Apple Silicon changed this.
What Core ML does
Core ML is Apple's framework for running ML models on-device. It handles the boring parts: memory management, operator fusion, scheduling across CPU/GPU/Neural Engine. You give it a model, it figures out how to run it efficiently.
For Whisper-style models, Core ML can split work across the Neural Engine (for matrix operations) and GPU (for attention layers). The result: fast inference without thermal throttling.
What Metal adds
Metal is Apple's low-level GPU API. Core ML uses it under the hood, but we also use Metal directly for custom audio processing kernels.
The pre-processing pipeline (noise suppression, normalization, resampling) runs on Metal. This keeps the CPU free for UI work and avoids memory copies between CPU and GPU.
Real numbers
On an M1 Mac, finalizing 30 seconds of audio takes about 2-3 seconds. That's the model inference time after you release the hotkey.
On an M3, it's closer to 1.5-2 seconds.
Intel Macs still work but run slower. The model uses CPU fallbacks, which means longer finalization and more power draw.
Why this matters for battery
Cloud dictation keeps the radio on. Uploading audio, waiting for response, downloading text. Each step draws power.
On-device inference is a burst: work hard for 2 seconds, then idle. The Neural Engine is remarkably efficient for this pattern.

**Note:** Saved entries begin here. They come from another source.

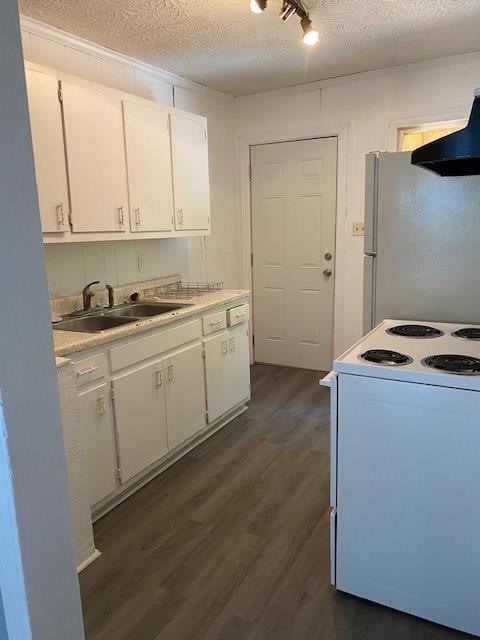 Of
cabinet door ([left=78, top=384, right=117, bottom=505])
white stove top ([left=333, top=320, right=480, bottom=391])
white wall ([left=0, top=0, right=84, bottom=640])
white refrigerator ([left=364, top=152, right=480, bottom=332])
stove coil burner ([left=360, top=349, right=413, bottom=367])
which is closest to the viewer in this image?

We've had users dictate for hours on battery.
Trade-offs
Model size vs accuracy. Smaller models run faster but miss more words. We offer multiple model sizes (27 MB to 550 MB) so you can pick the trade-off that fits your hardware.
Larger models make sense on M2/M3 with plenty of unified memory. Smaller models work better on 8GB machines or older Intel Macs.
On-device used to mean compromise. Now it means fast, private, and battery-friendly. The hardware caught up.